Massive externalNode performance degradation after upgrade to 1.16

also worth mentioning the very large amount of cached sql queries, maybe we
need to store it in some local variable instead of going to active record?

Don’t want to blame anybody, but in 1.16 we introduced redesign of host info, providers were introduced to allow extending of ENC data. This was part of:

http://projects.theforeman.org/issues/15711

This possibly could be root cause, unfortunately this is rather complex code change, I am unable to tell and this needs further analysis. Creating a simple benchmark and running it before/after would tell us perhaps.

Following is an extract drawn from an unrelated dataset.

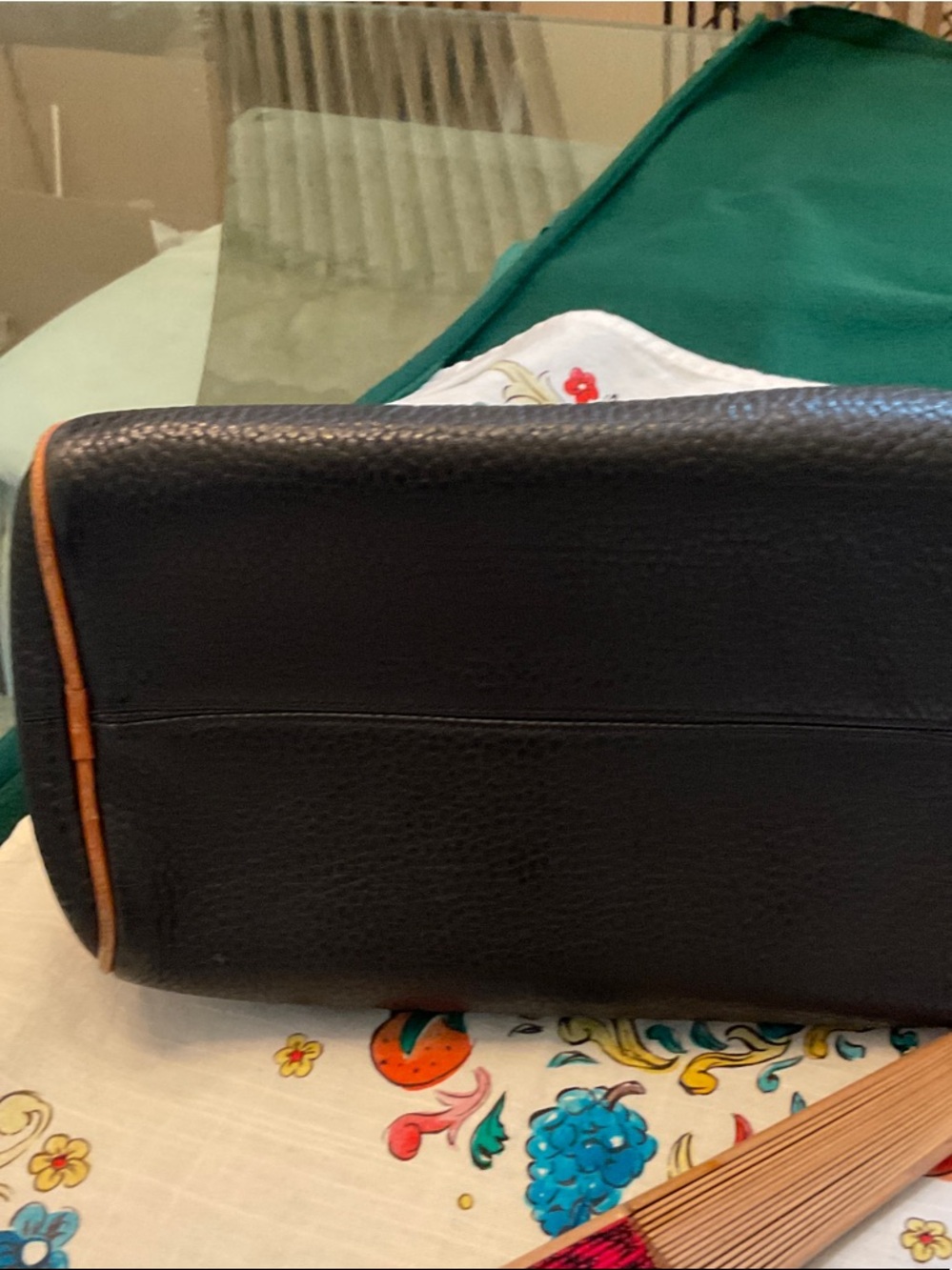 Vintage Dooney and Burke Black Pebbled All Weather with Tan trimmings - Picture 2 of 13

Thank you very much for your analysis. You can reproduce this with the ENC script (as provided here: Foreman :: Manual, e.g. $ time ./node.rb $(hostname -f) > /dev/null) or just by clicking on “YAML” in the Foreman web UI.

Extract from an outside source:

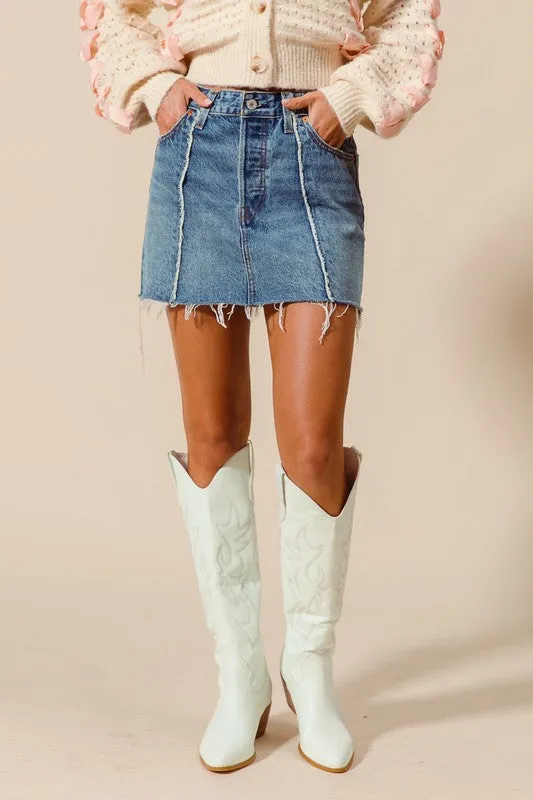 Sloane Denim Mini Frayed Skirt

With the depth of this topic and with these Foreman and Ruby internals, I am at my wit’s end.

Do you need any further debug information or do you have any tips on how to trace this problem at Ruby level?

This is far from an analysis, I was just looking into git and trying to figure out files which changed in 1.16. I might be very wrong.

Can you describe in more detail the host you are experiencing slow performance with? I mean, can you pastebin the ENC output actually? Make sure all sensitive data is redacted, but it would be useful to see how much data are we talking about. Also, the benchmark would use the same or similar input.

You can find an example here: https://pastebin.com/Kc8shXgw
Due to the anonymization the yaml might have syntax errors - sorry about that.

Meanwhile we did the following test with a host and the smart class parameters:

  • Host with 17 included puppet classes with a few activated smart class parameters (configure -> Smart Class Parameters -> “Override” selected): ~ 800ms
  • Host with 17 included puppet classes with some more activated smart class parameters (configure -> Smart Class Parameters -> “Override”): ~ 3000ms
  • Host with 17 include puppet classes with some more activated smart class parameters (configure -> Smart Class Parameters -> “Override”) and overwritten on the host: ~ 6000ms
1 Like

Thanks for the snippet, that is fine. Just please confirm that the amount of data is roughly correct. This does not look like a huge ENC output.

Class and smart class params are a bit complicated code I haven’t looked into yet, so I will let some more experienced devs to comment on that - everything above one second is IMHO bad performance.

Yes, the amount of data is roughly correct. Of course the public ssh keys are a bit longer :P, but the number of parameters is correct.

We have the same problem.

We had a separate post before the community vm problem - but really our data belongs here.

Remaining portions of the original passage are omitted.